As for the RC guys, I've got more than a little familiarity with a number of nominally Civic Action / Training projects here and there including these LINK. Read the practical stuff, pgs 5-7 of the .pdf. GAO is not that swift but other assessments broadly agreed on the training and diplomatic benefits. That is not a knock, merely to point out that you have to grope and spend big bucks for small return to find productive training.

Thus it is in everyone's interest to push the USG to develop the Civil and State / USAid capability because if you don't:
if we build the capability it will be used, which may lead to additional problems down the road.
Just so. Inviting problems to solve is the preferred course of action?
...but once again we have had to do this type of work since 1776...
I say again: "but we also used to ride to work on elephants."
The requirement will never go away. It is way, way past time for the Army to stand up and say 'Hi, my name is the US Army and I have a serious problem with nation building...'
I totally agree! you're absolutely correct. Good point.

It will never go away and the Army needs to be prepared for probable employment and possible expansion as required of both civil affairs and general nation building efforts. We can agree on that. Where we disagree I think is on the extent or limits of sensible expansion in view the world situation today. My sensing is that you wish a significant expansion and my sensing is that the requisite skills are not going to flock to the Army -- especially if we avoid interventions for a while and they are in uniform but way underemployed. IOW, be careful what you ask for , you may get it

We also, it appears, differ in that you seem to be of the opinion the Army should want the mission and stand up to say we can do it and we can do it better. I strongly disagree. It is not a core task and while it was absorbed by a large conscripted Army of 12M bodies in WW II, it is undesirable in a small professional force -- underline 'small' -- that cannot afford too many off core missions or to devote to may resources to missions that are inherent (like CA etc.). It is one thing to be prepared for full spectrum contingencies and for nation building as many of us advocate. It is quite another to develop excess capability for one spectrum that will adversely impact others and which is unlikely to ever be large or robust enough to operate at needed capacity lacking another major existential war. IOW, if it is almost certainly going to need augmentation, better that augmentation be available.

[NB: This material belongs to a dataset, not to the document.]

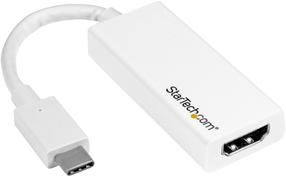 Adapteris StarTech USB-C to HDMI CDP2HD4K60W USB Type-C, HDMI, 0.015 m, balta krās.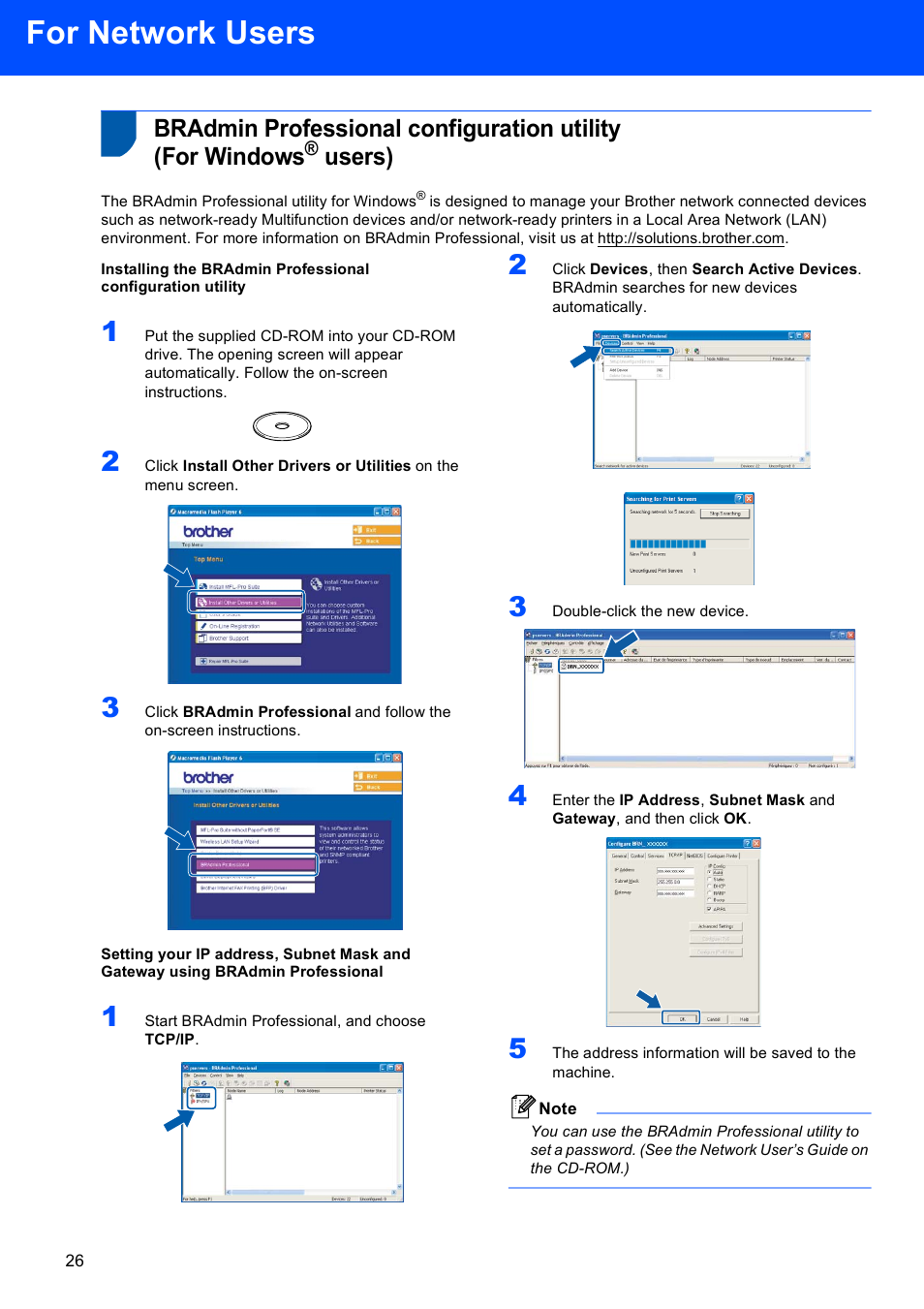 For network users, Users) | Brother DCP-330C User Manual | Page 28 / 32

Going a step further, it is not desirable in my view for the Armed Forces to be the only elements of the USG to have to "embrace the suck" as they say. That needs for many reasons to be shared for the sake of all the nation. So given that, the 'augmentation' problem plus staffing and recruiting realities it seems to me the best course of action is for the Army to stand up and say 'Hi, my name is the US Army and I have a serious problem with nation building -- I can and will provide entry and non-secure environment capability but it is our considered professional opinion and advice that it would be better for the nation to avoid such cases if at all possible through better intelligence assessments followed by diplomatic, aid and development assistance. However, in the event all that fails and if a military commitment is unavoidable, the nation should be prepared at the earliest possible time to augment then replace the Army's capability." We've about worn out the "Yessir, yessir, three bags full... " option. History also shows where that has gotten us...

Lastly and most importantly and back to the real point -- the USG should expend more effort to AVOID wars instead of trying to get into them and then screwing the pooch. If you do not force the Diplomats and Policy Makers to send civilians and guardsmen and reservists off to wars, they will have no reason to avoid them. Again, build a capability that aches to be used and it will be.